In 2017, she interned at the Women's Council of Public Administration of Massachusetts (Boston, United States).

== Civic activity ==
In 2002, Bobrovska became a member of the national scout organisation Plast She joined the NGO "Foundation of Regional Initiatives" in 2009.

Bobrovska was an activist in the civic movement "Honestly. Filter the Rada!"("Чесно. Фільтруй Раду!"). She was a co-founder of the Euromaidan SOS and Help the SBGSU.

In 2012–2014 and in 2015, she was the curator of projects of the public organization "Civil Liberties Center".

In 2018–2019, she headed the NGO "Ukrainian Osnova", one of the directions of which is the project of the Studio of Women's Political Interaction for women of southern and eastern Ukraine.

Solomiia Bobrovska took active part in the support campaign of Serhii Sternenko.

== Professional experience ==
In 2010, as a part of the Canada-Ukraine Parliamentary Program, she interned at the Parliament of Canada in the office of Andrew Kania.

In 2012–2014, and from January to June 2015, Bobrovska was a project manager at the Centre of Civil Liberties.

In April–December 2014, she served as an advisor to Oleksandr Sych, the Vice Prime Minister of Ukraine. From October 2015 through April 2016, she served as an advisor to the Governor of Odesa Region, Mikheil Saakashvili.

From April 2016 until January 2017, Bobrovska served as a Deputy Governor of Odesa Oblast. On 9 November 2016, Saakashvili resigned, and she was appointed Acting Governor. 26 years old at the time of her appointment, Bobrovska became the youngest Governor in Ukraine's history. She left the post on 12 January 2017.

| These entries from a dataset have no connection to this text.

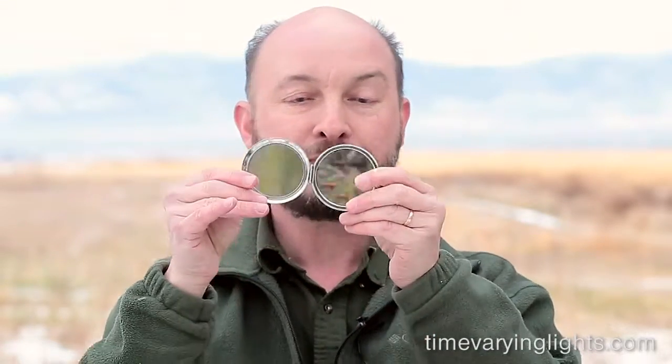This is not my mirror, this is my daughter's mirror. She is kindly lending it to me for the occasion. What I'm going to do is show you how to use this mirror to cause the image of a time varying light to move across your retina. In this case, instead of moving your eyes, you're going to be moving your fingers or your arms.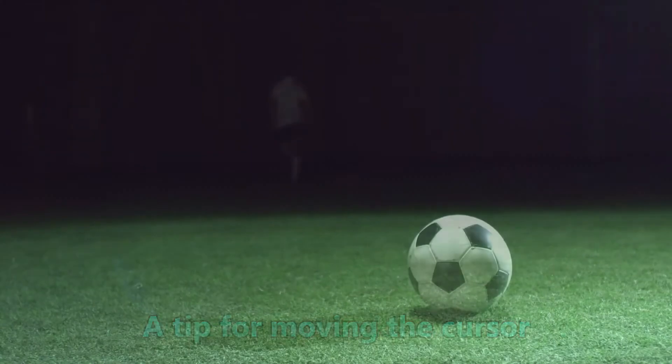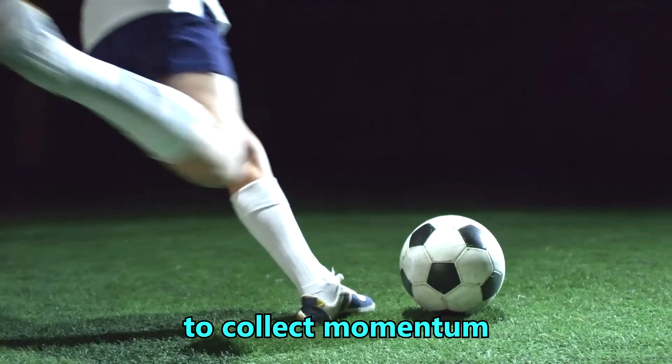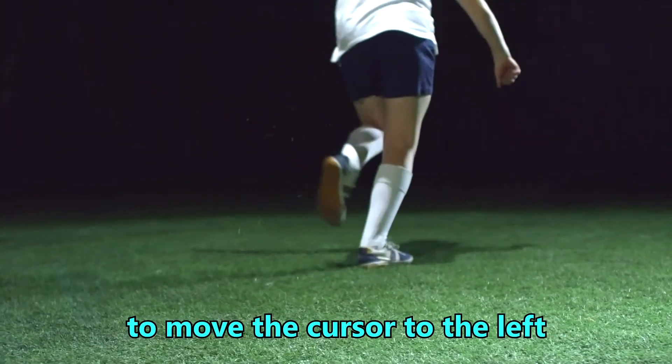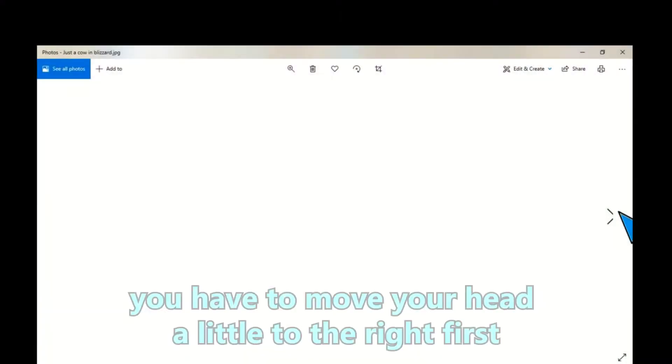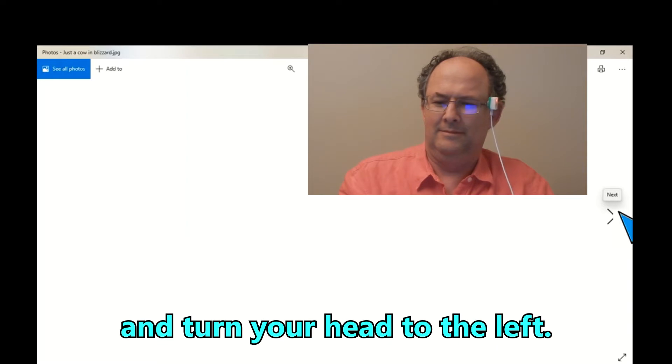A tip for moving the cursor is to compare it to kicking a ball. You have to swing your leg back to collect momentum before kicking the ball forward. Just like that, to move the cursor to the left, you have to move your head a little to the right first and then turn your head to the left.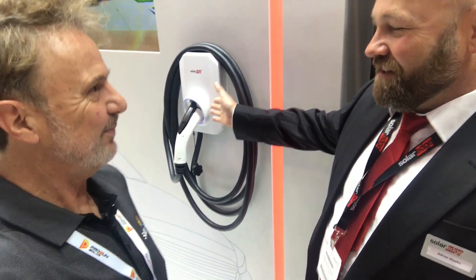Here I'm at the SolarEdge stand with Adrian Hawke. What's new in SolarEdge land? We have so many new things, I'll take you for a tour. We might as well start here with our standalone EV products — the EV Charger.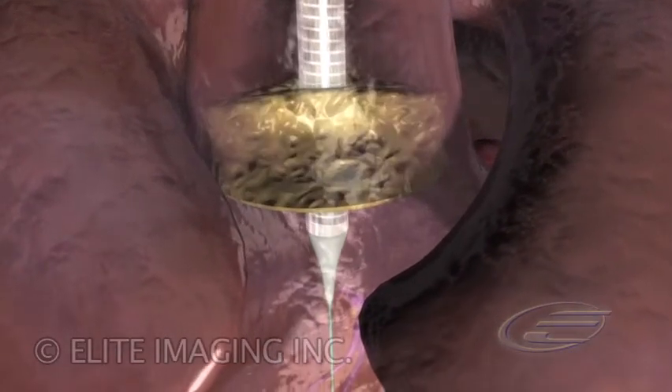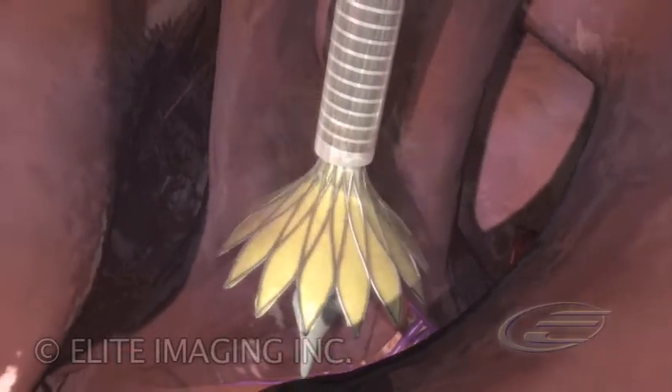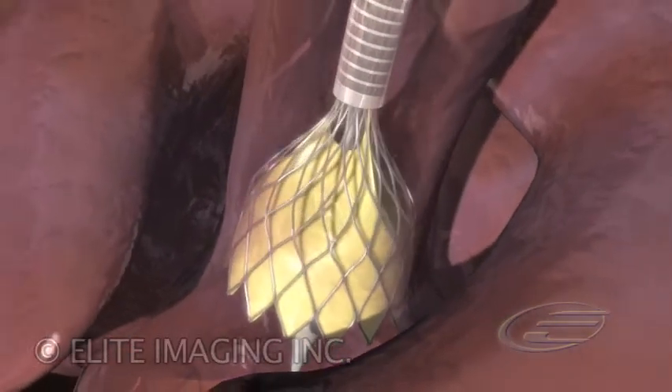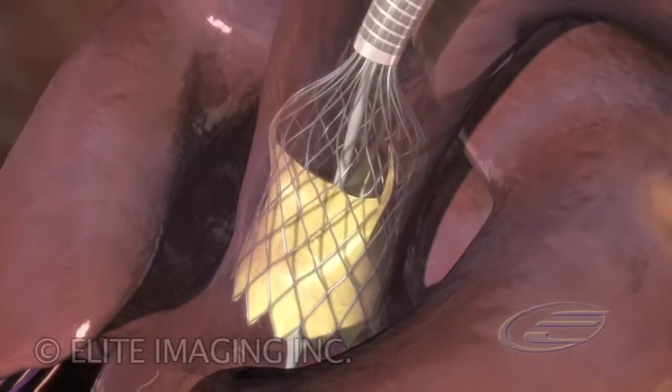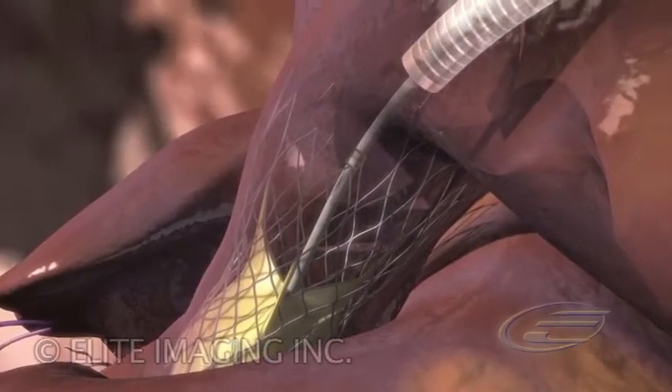The external sheath is progressively retracted, deploying the framed valve and pushing aside the native valve leaflets. The new prosthesis is securely anchored by the radial force of the frame and starts functioning immediately during placement.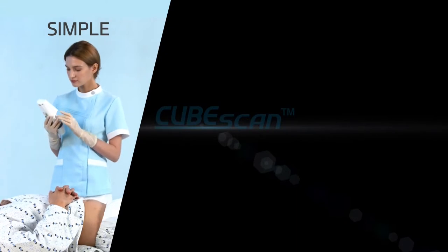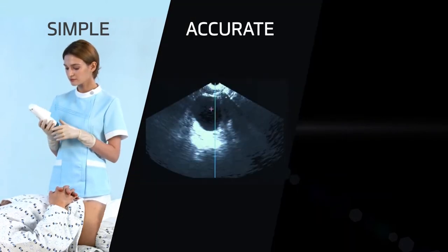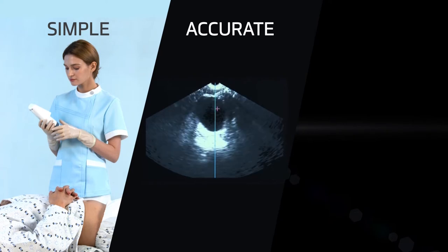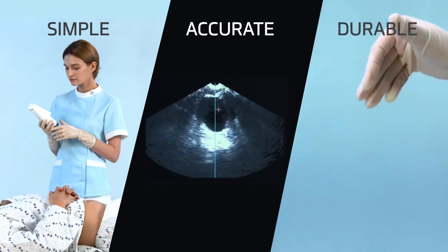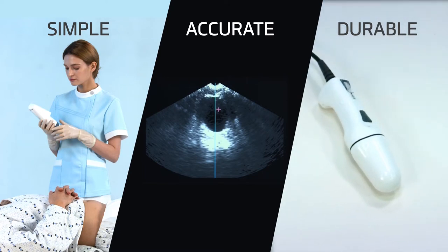Accurate scanning regardless of gender, age, and disease leads to quick and simple workflow. Industry-first live pre-scan imaging and bladder point targeting make it easier than ever to find the bladder.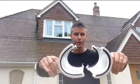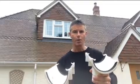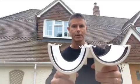That's a standard half round gutter, and that's deep flow. Across the top there's not actually that much difference in size — about 2mm. This one's 112mm and the deep flow is 115mm.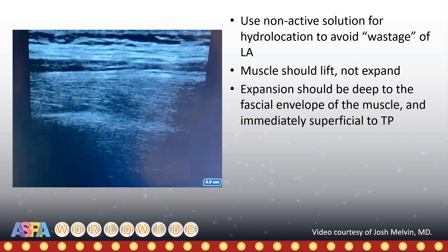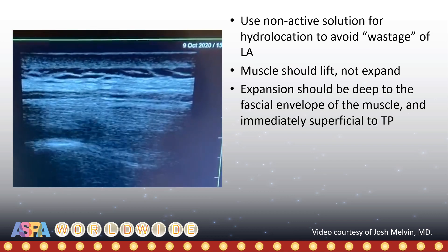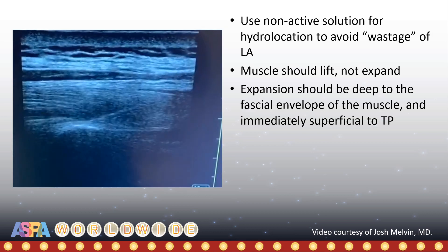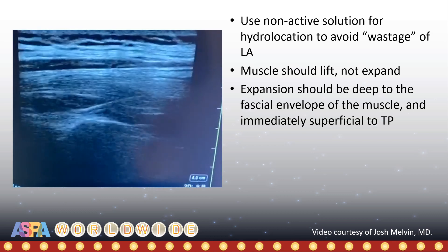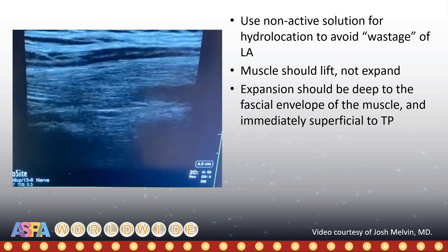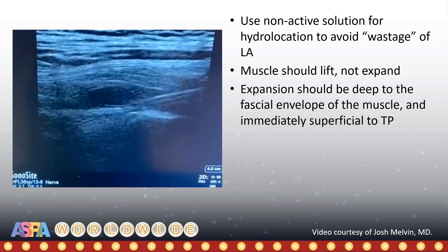A final recap of the main points. Always begin with saline or dextrose as the injectate to confirm entry into the correct plane. The muscle should lift but not expand. But as illustrated here, it is still possible to be on the wrong side of the thoracolumbar fascia. While injecting, therefore, it is advisable to scan dynamically and observe carefully to ensure that fluid is spreading under the hyperechoic fascial envelope of the muscle and not above and within it, as in this case.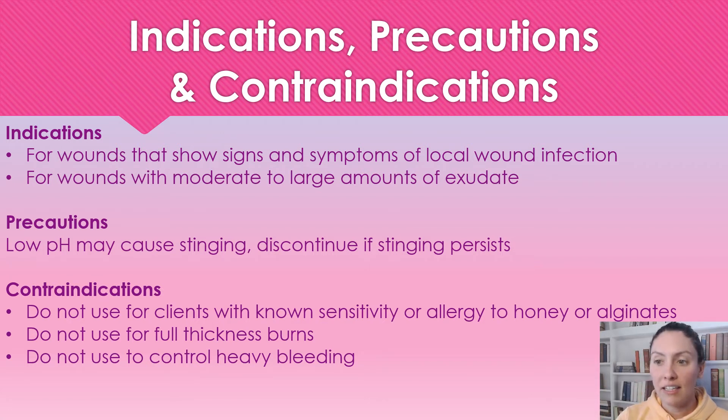A precaution: because of its low pH, it can cause stinging. If it causes stinging to the patient that continues and is really irritating to them, definitely discontinue using this product. All honeys can cause that stinging sensation, so if it's bothering a patient, we need to discontinue it.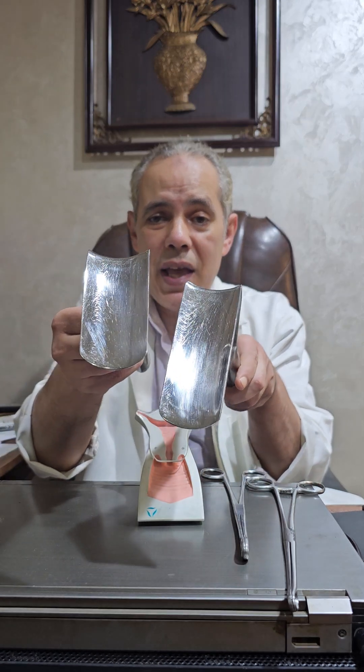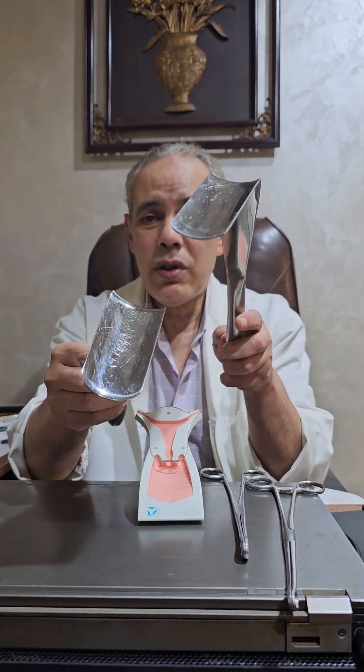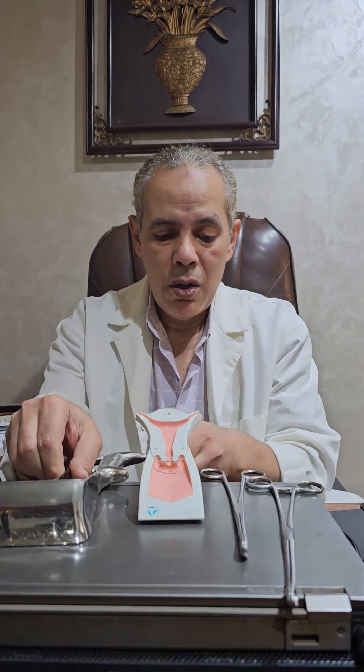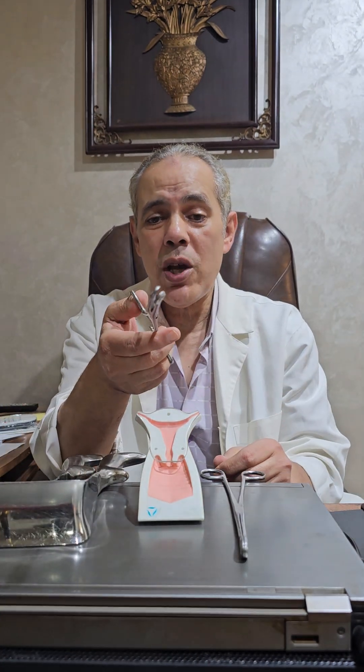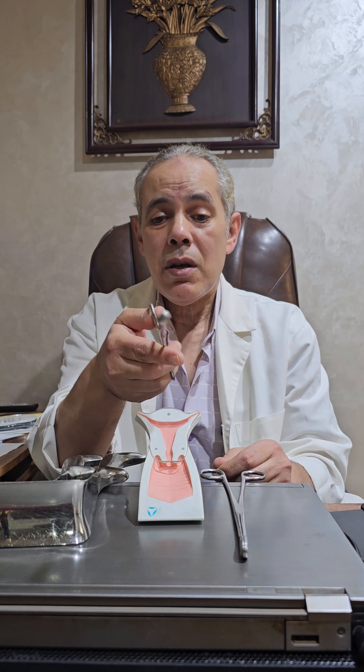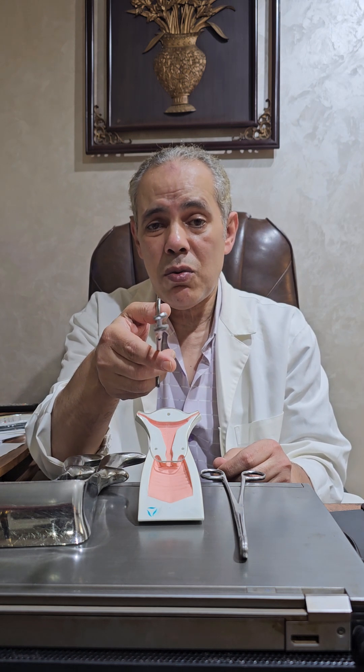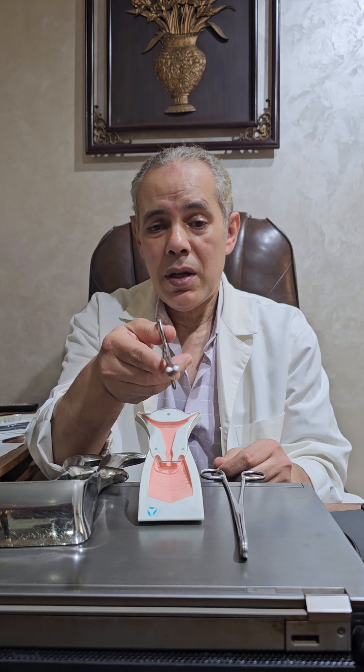The instruments needed: a vaginal retractor — right angle, like this one — for retraction of the anterior and posterior vaginal wall. Two ring forceps, straight or foister forceps, to apply on the anterior and posterior lip of the cervix to do traction on them, like this one.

From September–November 2017, Bobrovska completed a fellowship at the Massachusetts Caucus of Women Legislators (Boston, USA). In 2018–2019, she served as head of the NGO "Ukrainian Core", focusing on the Women's Political Interaction Studies Project for women of Southern and Eastern Ukraine.

== Political activity ==
Bobrovska was one of the core members of the group around Svyatoslav Vakarchuk who initiated the Holos party (Голос). She was a candidate at the 2019 Ukrainian parliamentary election as the ninth candidate on the party's proportional list. In the election, Holos won 5.82% of the vote, leading to the election of the first seventeen members of the proportional list (as well as three candidates in Lviv Oblast) as People's Deputy of Ukraine.

She has served as Secretary of the Parliamentary Committee on Foreign Affairs and Inter-parliamentary Cooperation, Deputy Head of Ukrainian Delegation to the NATO PA, and as Co-Head of the Latvia-Ukraine Parliamentary Friendship Group.

On 29 July 2021, Holos expelled Bobrovska from the party; the party stated that it could not envisage "building a common political force" with her or with the six other People's Deputies who were also ousted. Earlier that day, Bobrovska herself had written a resignation statement, expressing dissatisfaction with Kira Rudik's leadership of the party.